▸ Work item: Make an exact copy of the listing underneath, skipping each picture.

▸ Data:
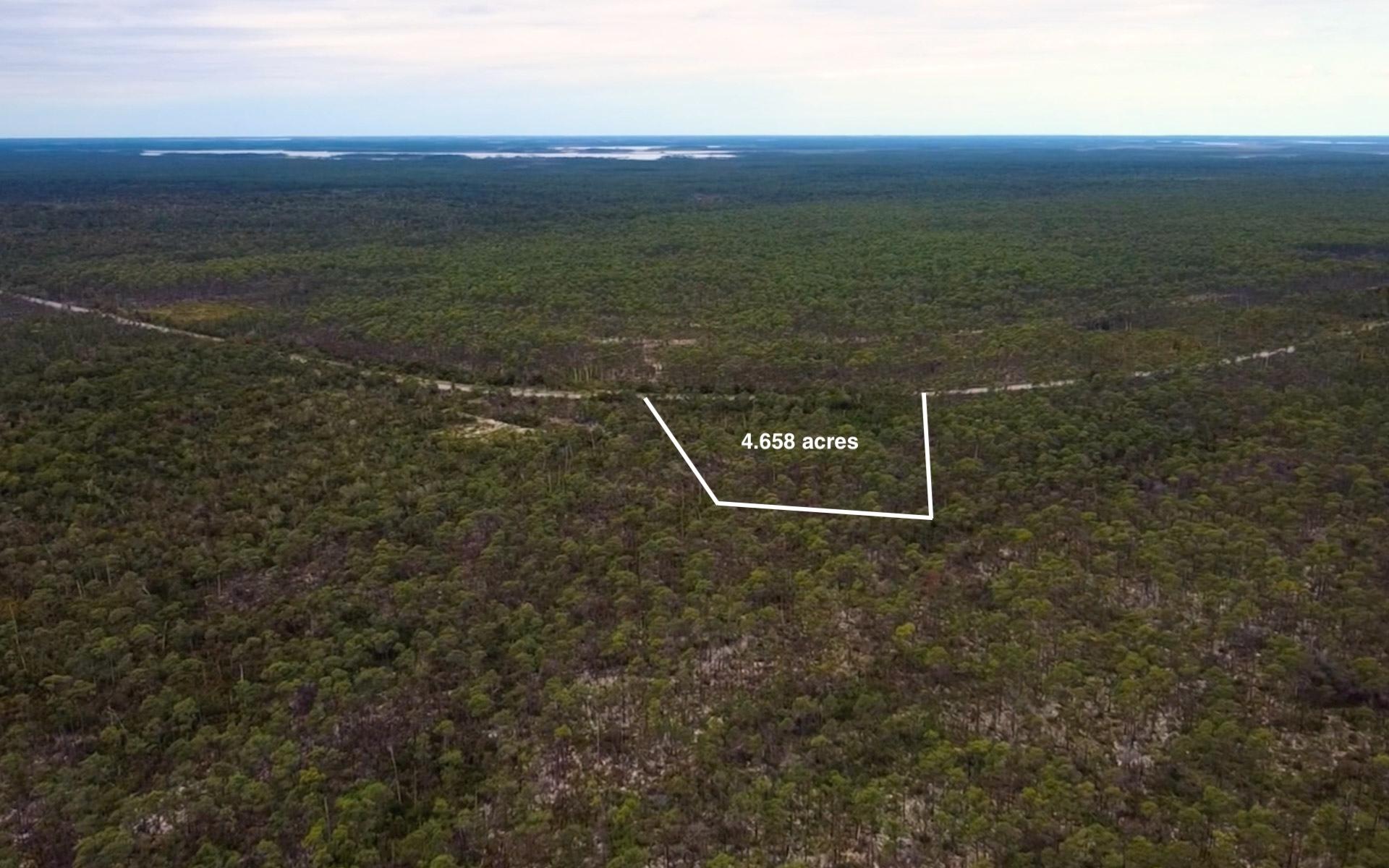 MLS# 66721 Staniard Creek Andros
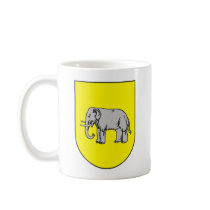 Benguela , Angola Mug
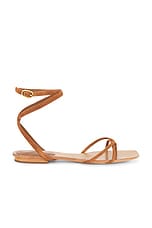 Allegra Sandal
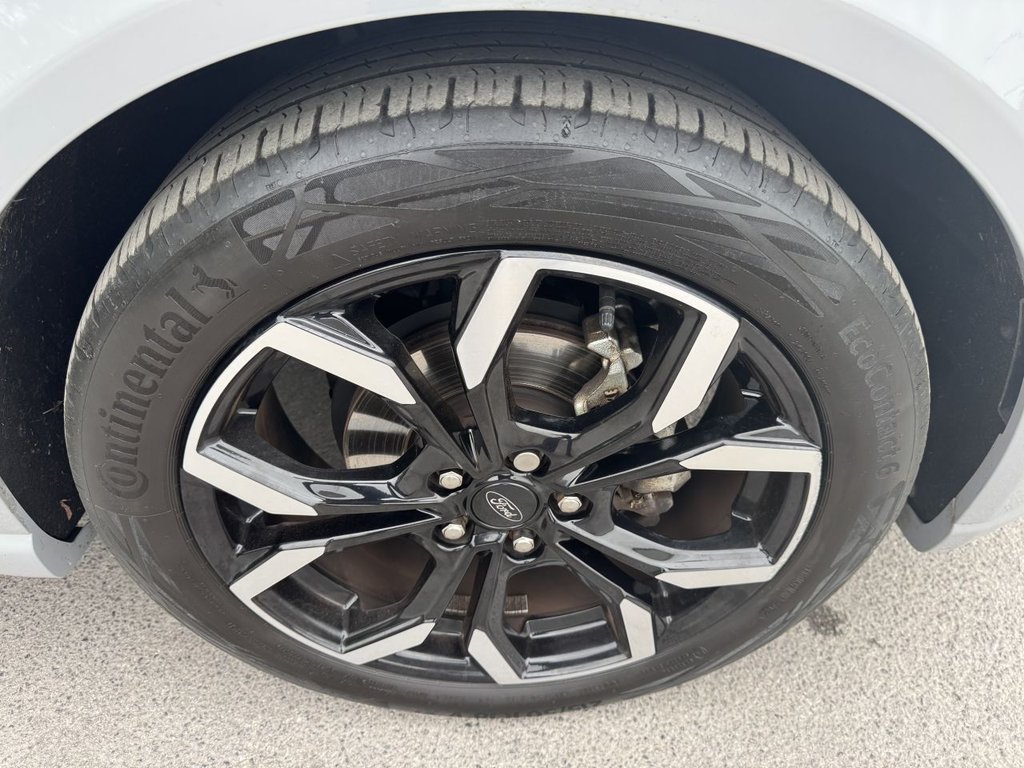 Used Ford Puma 2024 for sale - 76256277: Photo 40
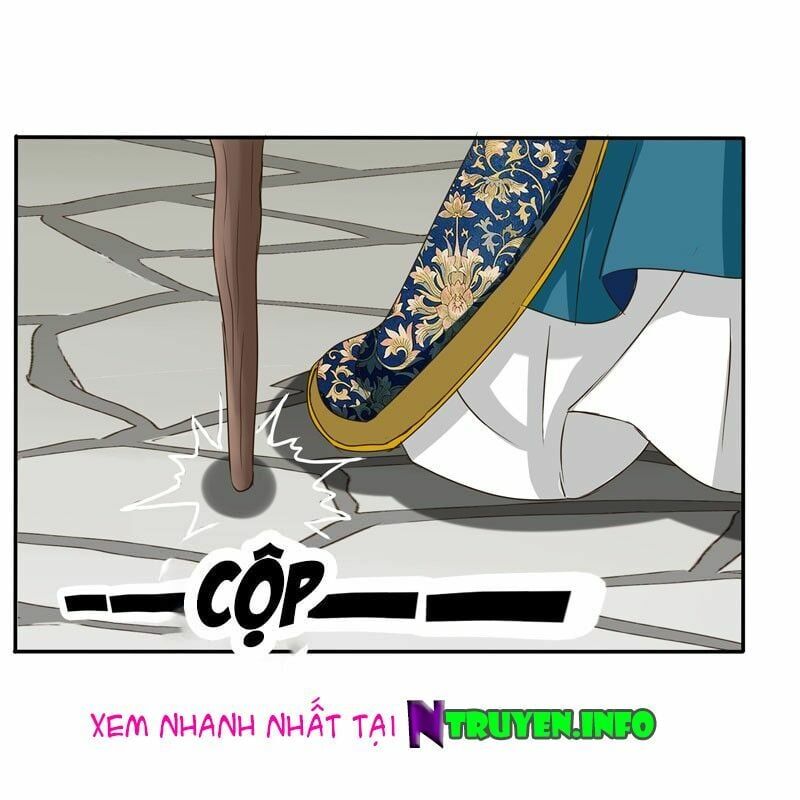 đọc truyện Thông Linh Phi Chương 64 ảnh 62 tại Thiên Thai Truyện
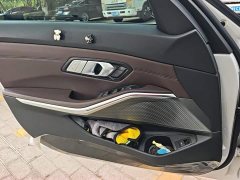 BMW 3 Series 2022 325Li M Sport Package - ფოტო 7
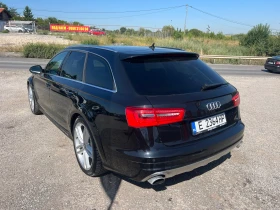 Audi A6 Allroad, снимка 4
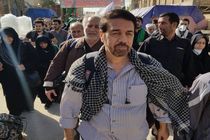 مستند زیر صفر مرزی نقد خوش نشین ها از دفاع مقدس است/ در مستند زیر صفر مرزی حرف های زشتی درباره دفاع مقدس بیان شد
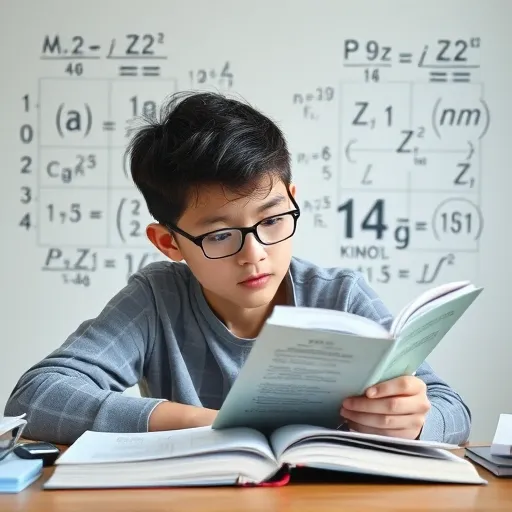 KMO 1차, 핵심 유형 분석 및 실전 문제 풀이 전략 (기능성 탐색 & 심화)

▸ Worked solution:
 MLS# 66721 Staniard Creek Andros
 Benguela , Angola Mug
 Allegra Sandal
 Used Ford Puma 2024 for sale - 76256277: Photo 40
 đọc truyện Thông Linh Phi Chương 64 ảnh 62 tại Thiên Thai Truyện
 BMW 3 Series 2022 325Li M Sport Package - ფოტო 7
 Audi A6 Allroad, снимка 4
 مستند زیر صفر مرزی نقد خوش نشین ها از دفاع مقدس است/ در مستند زیر صفر مرزی حرف های زشتی درباره دفاع مقدس بیان شد
 KMO 1차, 핵심 유형 분석 및 실전 문제 풀이 전략 (기능성 탐색 & 심화)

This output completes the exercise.